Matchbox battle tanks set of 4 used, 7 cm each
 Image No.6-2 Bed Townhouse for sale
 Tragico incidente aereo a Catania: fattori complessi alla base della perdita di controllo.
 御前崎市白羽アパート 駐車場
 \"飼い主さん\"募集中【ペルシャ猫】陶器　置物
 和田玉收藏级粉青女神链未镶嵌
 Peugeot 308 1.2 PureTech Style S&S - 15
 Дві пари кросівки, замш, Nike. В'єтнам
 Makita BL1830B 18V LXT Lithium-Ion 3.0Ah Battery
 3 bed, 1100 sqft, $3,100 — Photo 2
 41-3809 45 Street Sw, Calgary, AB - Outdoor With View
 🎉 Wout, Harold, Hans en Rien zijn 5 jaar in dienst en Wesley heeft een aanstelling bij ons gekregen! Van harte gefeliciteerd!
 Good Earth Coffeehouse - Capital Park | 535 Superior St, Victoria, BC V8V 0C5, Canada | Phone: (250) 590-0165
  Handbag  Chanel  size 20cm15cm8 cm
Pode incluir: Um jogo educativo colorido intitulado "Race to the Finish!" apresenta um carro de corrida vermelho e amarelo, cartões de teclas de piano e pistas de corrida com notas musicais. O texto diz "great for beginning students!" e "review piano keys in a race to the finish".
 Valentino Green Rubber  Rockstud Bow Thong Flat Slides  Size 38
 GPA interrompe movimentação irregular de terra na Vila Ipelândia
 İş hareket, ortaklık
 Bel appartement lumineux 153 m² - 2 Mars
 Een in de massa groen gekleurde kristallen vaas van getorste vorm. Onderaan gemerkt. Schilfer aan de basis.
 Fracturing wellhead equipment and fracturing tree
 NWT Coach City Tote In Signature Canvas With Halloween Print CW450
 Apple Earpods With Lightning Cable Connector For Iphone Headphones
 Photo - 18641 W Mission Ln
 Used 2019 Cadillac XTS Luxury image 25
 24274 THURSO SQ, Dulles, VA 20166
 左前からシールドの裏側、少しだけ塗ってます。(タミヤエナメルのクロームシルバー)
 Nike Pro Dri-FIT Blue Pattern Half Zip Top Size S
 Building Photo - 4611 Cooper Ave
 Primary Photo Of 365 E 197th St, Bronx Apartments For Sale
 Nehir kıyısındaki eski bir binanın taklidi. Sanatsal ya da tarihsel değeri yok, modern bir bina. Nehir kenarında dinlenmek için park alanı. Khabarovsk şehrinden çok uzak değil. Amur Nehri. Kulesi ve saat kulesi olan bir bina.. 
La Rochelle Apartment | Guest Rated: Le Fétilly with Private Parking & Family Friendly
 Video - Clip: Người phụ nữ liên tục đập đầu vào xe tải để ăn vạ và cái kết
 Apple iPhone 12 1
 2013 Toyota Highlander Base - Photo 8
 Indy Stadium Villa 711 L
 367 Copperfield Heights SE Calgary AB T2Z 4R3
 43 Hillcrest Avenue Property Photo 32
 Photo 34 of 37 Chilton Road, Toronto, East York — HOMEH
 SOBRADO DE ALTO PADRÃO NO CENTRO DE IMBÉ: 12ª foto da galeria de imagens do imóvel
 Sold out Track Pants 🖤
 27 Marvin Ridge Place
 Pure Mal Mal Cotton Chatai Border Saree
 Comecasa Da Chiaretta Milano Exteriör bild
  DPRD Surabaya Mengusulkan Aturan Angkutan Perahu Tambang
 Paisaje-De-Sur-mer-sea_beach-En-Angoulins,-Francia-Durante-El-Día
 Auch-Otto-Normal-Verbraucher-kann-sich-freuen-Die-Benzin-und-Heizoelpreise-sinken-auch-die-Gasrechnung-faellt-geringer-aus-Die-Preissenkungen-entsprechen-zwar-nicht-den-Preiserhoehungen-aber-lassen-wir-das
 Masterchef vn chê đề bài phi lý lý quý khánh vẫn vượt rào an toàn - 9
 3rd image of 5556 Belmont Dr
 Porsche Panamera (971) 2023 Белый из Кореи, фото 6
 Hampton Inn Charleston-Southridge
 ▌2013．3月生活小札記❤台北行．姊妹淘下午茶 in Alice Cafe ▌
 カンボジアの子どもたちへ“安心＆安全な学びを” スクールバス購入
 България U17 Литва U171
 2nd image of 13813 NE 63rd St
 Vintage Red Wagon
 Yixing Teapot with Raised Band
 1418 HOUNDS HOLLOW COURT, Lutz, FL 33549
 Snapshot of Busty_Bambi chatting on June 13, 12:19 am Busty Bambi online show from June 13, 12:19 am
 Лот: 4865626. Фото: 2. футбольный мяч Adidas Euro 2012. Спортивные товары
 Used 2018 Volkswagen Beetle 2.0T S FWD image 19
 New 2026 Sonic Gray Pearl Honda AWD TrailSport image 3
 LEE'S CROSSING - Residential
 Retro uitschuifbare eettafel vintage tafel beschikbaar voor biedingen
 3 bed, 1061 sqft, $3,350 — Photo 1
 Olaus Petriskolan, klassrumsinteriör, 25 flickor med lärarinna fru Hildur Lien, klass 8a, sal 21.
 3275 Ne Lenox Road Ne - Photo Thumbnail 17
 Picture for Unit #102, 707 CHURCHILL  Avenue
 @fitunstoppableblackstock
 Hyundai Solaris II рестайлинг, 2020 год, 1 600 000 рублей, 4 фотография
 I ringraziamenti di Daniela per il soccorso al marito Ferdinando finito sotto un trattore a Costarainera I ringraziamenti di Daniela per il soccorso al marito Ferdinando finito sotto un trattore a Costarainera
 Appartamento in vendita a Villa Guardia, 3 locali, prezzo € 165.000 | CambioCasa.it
===
#### WHAT YOU WILL DO:
Would you copy out exactly the lines above that start at the one containing "Peugeot 308 1.2 PureTech Style S&S - 15" and end at the one containing "Primary Photo Of", inclusive?

#### TASK RESPONSE:
 Peugeot 308 1.2 PureTech Style S&S - 15
 Дві пари кросівки, замш, Nike. В'єтнам
 Makita BL1830B 18V LXT Lithium-Ion 3.0Ah Battery
 3 bed, 1100 sqft, $3,100 — Photo 2
 41-3809 45 Street Sw, Calgary, AB - Outdoor With View
 🎉 Wout, Harold, Hans en Rien zijn 5 jaar in dienst en Wesley heeft een aanstelling bij ons gekregen! Van harte gefeliciteerd!
 Good Earth Coffeehouse - Capital Park | 535 Superior St, Victoria, BC V8V 0C5, Canada | Phone: (250) 590-0165
  Handbag  Chanel  size 20cm15cm8 cm
Pode incluir: Um jogo educativo colorido intitulado "Race to the Finish!" apresenta um carro de corrida vermelho e amarelo, cartões de teclas de piano e pistas de corrida com notas musicais. O texto diz "great for beginning students!" e "review piano keys in a race to the finish".
 Valentino Green Rubber  Rockstud Bow Thong Flat Slides  Size 38
 GPA interrompe movimentação irregular de terra na Vila Ipelândia
 İş hareket, ortaklık
 Bel appartement lumineux 153 m² - 2 Mars
 Een in de massa groen gekleurde kristallen vaas van getorste vorm. Onderaan gemerkt. Schilfer aan de basis.
 Fracturing wellhead equipment and fracturing tree
 NWT Coach City Tote In Signature Canvas With Halloween Print CW450
 Apple Earpods With Lightning Cable Connector For Iphone Headphones
 Photo - 18641 W Mission Ln
 Used 2019 Cadillac XTS Luxury image 25
 24274 THURSO SQ, Dulles, VA 20166
 左前からシールドの裏側、少しだけ塗ってます。(タミヤエナメルのクロームシルバー)
 Nike Pro Dri-FIT Blue Pattern Half Zip Top Size S
 Building Photo - 4611 Cooper Ave
 Primary Photo Of 365 E 197th St, Bronx Apartments For Sale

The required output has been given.